Well this probably would have never happened had the genders been reversed... I dunno this seems good no?

LSBeene

1)  I wonder if the tenor and tone of the article would have been the same had the genders been reversed.

2)  Judge Hale is no idiot - she's realized that many women who previously were able to ignore pre-nups are now going to be held to them. 

3)  As others have said - had this been a man, this case would probably not gone his way.

4)  Yes, this is good.

I love how it's almost picture perfect role reversal - he went from $150k (ish) a year to $40k (ish) a year to "find himself" and all that.  How many times have we seen a woman who became a wife and decides unilaterally to take some easier job that pays far less and the husband is helpless - and then he gets screwed in a divorce.

Good for the goose ......

Steven
'Watch our backs at home, we'll guard the wall over here. You can sleep safe tonight, we'll guard the door."

Isaiah 6:8
"Whom shall I send? And who will go for us?" And I said, "Here am I. Send me!"

poiuyt

Question:
I wonder if the tenor and tone of the article would have been the same had the genders been reversed ?


Answer:
Quote from: SupremeCourt
Only manifestly unfair contracts would be overturned by the courts.

... Womanifestly unfair prenup contracts will not be overturned and will govern asset redistribution at all other times.

The Biscuit Queen

Yeah, that phrase bothered me for different reasons. What is manifestly unfair?   There are cases where the men don't want the women to work; if he then asks for a divorce then the women are really out in the cold. However that is difficult to prove and not the norm. It has been devistating to the majority of men who didn't say that and didn't ask for a divorce to be treated as if they did. Is manifestly unfair when she was a waitress and he has millions, that she goes back to that when divorced? (Which is not unfair at all IMO.)  Marriage as an entitlement should end with the marriage, for both parties. 

This is an important step to equitable divorce treatment, and even though it was brought on by women losing, at least it was brought on.
he Biscuit Queen
www.thebiscuitqueen.blogspot.com

There are always two extremes....the truth lies in the middle.

TheDude

#9
Oct 24, 2010, 06:37 PM Last Edit: Oct 24, 2010, 11:58 PM by TheDude

How many times have we seen a woman who became a wife and decides unilaterally to take some easier job that pays far less and the husband is helpless - and then he gets screwed in a divorce.


Yup.

And no matter what really happened in the marriage, the wife will claim in the divorce that 1) the husband "didn't want her to work" (in a lot of cases he knew she was incapable of earning anything beyond minimum wage, so she might as well pick up a little around the house; sometimes she just makes that up) or 2) he "chose" that situation (see above; in addition to just being an irritating statement from a controlling sit-at-home, it implies he can never ever ever change his mind no matter how much circumstances change; what a fucking bitch).

TheDude

#10
Oct 24, 2010, 06:43 PM Last Edit: Oct 24, 2010, 06:50 PM by TheDude
The problem today is that you have feminists saying in one breath that "everything has to be equal" - and no one dare deny that - but in the next breath, or even without taking a breath, they demand that men "man up" and "step up to the plate" and do their male duties.
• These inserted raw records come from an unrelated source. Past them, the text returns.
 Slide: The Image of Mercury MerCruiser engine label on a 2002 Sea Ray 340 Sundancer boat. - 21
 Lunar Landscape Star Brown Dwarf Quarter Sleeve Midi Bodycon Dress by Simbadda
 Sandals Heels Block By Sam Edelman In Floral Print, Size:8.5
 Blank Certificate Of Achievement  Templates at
In fact, you get this dichotomy from most women - I've found that "traditional women" are even worse in many cases. They just flat out want to be supported while they sit on their fat, useless asses, and they also just accept all of the "equality stuff".
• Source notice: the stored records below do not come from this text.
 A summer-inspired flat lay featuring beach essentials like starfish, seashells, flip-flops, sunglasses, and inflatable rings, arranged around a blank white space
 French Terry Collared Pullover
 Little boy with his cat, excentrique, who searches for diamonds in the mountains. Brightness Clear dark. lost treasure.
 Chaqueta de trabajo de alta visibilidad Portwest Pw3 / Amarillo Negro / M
Edited to add: I guess the only difference is the sequence. Feminist women demand exact equality of the sexes; after that, they know that they can get a man to pay for them (as they smirk about what suckers men are). Traditional women demand that men fulfill their traditional duties, mostly paying for them and taking over the heavy thinking about problems in life; after that, they know full well they can count on "equality" statements of their more radical sisters and men will just bow to it out of chilvarly.

The end result is the same. "Equality", except that men have to do their traditional duties.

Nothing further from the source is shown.